# Reloads in a Glock?



## Flatfisher6187 (Jun 21, 2007)

Have any of you guys shot reloads in Glocks? I have heard not to do it and I have also heard that its fine as long as you dont load lead bullets. Any opinions?


----------



## Texas T (May 21, 2004)

There is much debate about the subject. I know several that shoot reloads in Glocks and they have never experienced any problems. Are they just lucky or do they pay attention to detail. That is the big question. They do not shoot lead bullets which helps prevent barrel leading. They also don't try to make extremely hot loads either, but equal to factory loads. One of the problems is Glock do not fully support the cartridge case. The reason is to allow various rounds to consistantly load into the chamber.

Some Glocks have had serious problems even when factory loads were used, so what would that suggest?

If you Google "shooting reloads in Glocks" you will have all kinds of hits on the subject, such as the following. Remember Glock like most manufacturers do not recommend shooting reloads through their firearms.

Here is a link discussing the topic. http://www.thegunzone.com/glock/glock-kb-faq.html


----------



## Viking48 (Jan 24, 2006)

I'm far from an expert on Glocks but I think the 40 S&W is the only one that is a problem due to the unsupported chamber. If you look at the chamber you will see a recess at the bottom at the feed ramp. This was apparently done to facilitate loading and reduce jams but it can allow the brass to "bulge" in that area. When you resize the case it weakens it and if, after repeated reloading, that spot comes back in line with the unsupported part it can blow out. Reloading brass from something other than a Glock should be OK but if you reload 40 ammo from a Glock you are taking a chance - may never be a problem but can make a mess if it happens.


----------



## BEER4BAIT (Jun 24, 2005)

I had a glock 21 and have had thousands of 180 gr SWC lead through it in competition with no problems. The lead issue is a myth.


----------



## B-Money (May 2, 2005)

Lee reloading book says "no" to reloading 40 for Glock.

I've never seen any warnings about reloading spent brass from a Glock.

http://www.thegunzone.com/glock/glock-kb-faq.html


----------



## Team Buddhahead (Oct 4, 2006)

Factory Glocks barrels do not have a "SRB"(Supported Ramped Barrel). The problem is with reloads that are reloaded to max loads. You don't know how many times that brass has been reloaded The barrel on the left is a factory barrel. You can see how much more case is exposed. This is where the case seperation happens.


----------



## Texas T (May 21, 2004)

TB those pictures look more like a massive overcharge of powder. The primer has been blown completely out and the barrel, which is proof tested to higher pressures then normally encounter is ripped apart, from an allegedly nominally reloaded cartridge. How many times have people had cases split when fired in pistols and rifles and the weapon was not damaged at all. The barrel should not encounter that kind of major damage from just the case letting go.

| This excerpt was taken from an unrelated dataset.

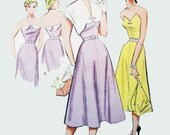 1950s Butterick 5719 Sundress Bust 34 Size 16 Party Dress Button on Bolero, Cuffed, Belted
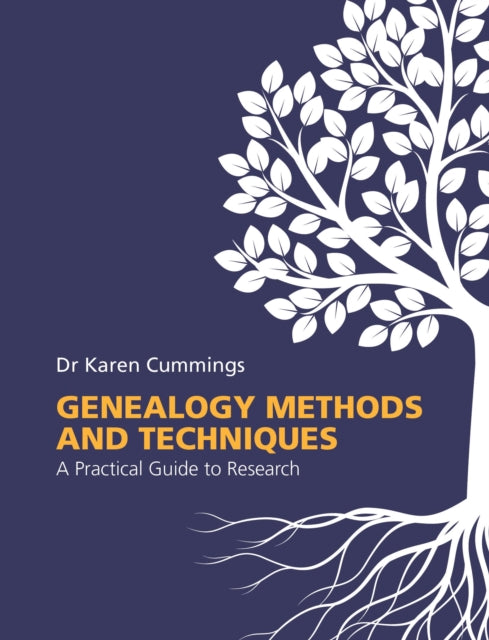 Book cover of 'Genealogy Methods and Techniques' with a white tree design on a dark blue background.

There are other barrels that don't completely support the case and I haven't heard of them having any problems, maybe they do and it's not reported. Wish I could understand why it is only Glocks that have the sensational failures made the news.


----------



## LaAngler (Mar 11, 2008)

reloads are fine in glocks

Glock has added more chamber support to some models including the .40 cals in the mid to late 90's. A lot of the glock problems you hear about is b/c of the large number of glock pistols in service.

Shooting lead bullets is fine, just buy a lone wolf barrel.

_The manufacturer __Glock__ advises against using lead bullets (meaning bullets not covered by a copper jacket) in their polygonally rifled barrels, which has led to a widespread belief that polygonal rifling is not compatible with lead bullets. Firearms expert and barrel maker, the late Gale McMillan, has also commented that lead bullets and polygonal rifling are not a good mix. Some have made a point of the fact that neither H&K nor Kahr explicitly recommend against lead bullets in their polygonal rifled barrels, and feel that it is probable that there is an additional factor involved in Glock's warning. However, Kahr's FAQ does include a warning that lead bullets can cause additional fouling][1] and recommends special attention to cleaning after using them. In addition, while H&K doesn't warn against the use of lead, at least one well-documented catastrophic incident in an H&K pistol[2] appears to be related to this issue. Furthermore, Dave Spaulding, well-known gun writer, reported in the February/March 2008 issue of Handguns Magazine that when he queried H&K about their polygonally rifled barrels that they commented: "It has been their experience that polygonal rifling will foul with lead at a greater rate than will conventional rifling."_

http://en.wikipedia.org/wiki/Polygonal_rifling


----------



## mark1945 (Jun 1, 2009)

*glock reloads*

I have a Glock 22 in 40 S&W it has had hundreds of reloads thru it .I put a Lone Wolf barrel on it .It has a much more supported ramp area as you can see from photos Glock on left Lone Wolf on right.Also handles cast bullets just fine.


----------



## B-Money (May 2, 2005)

how much was that wolf barrel? Do they make it in 357sig?


----------



## Bretticu$ (May 9, 2006)

Keep your Glock happy. Feed your Glock and feed it often, its hungry, and it isn't a picky eater. 

-Brett


----------



## mark1945 (Jun 1, 2009)

*Lone Wolf barrels*

When I got it they were around 95.00. Just check there web site they have a ton of good parts for Glocks.


----------



## ike491 (May 27, 2007)

I have fired a few over 2000 reloads in my Glock 23. Have never had an issue with the gun or the brass.I use a medium load and have fired the last 500 in coated lead bullets,with out an issue.I do clean my gun extensively . I think too many people try to fire maxed out powder charges.


----------



## B-Money (May 2, 2005)

Probably the best thing to do is use range brass, 9 grains of red dot and a 200 grain jacketed bullet.


----------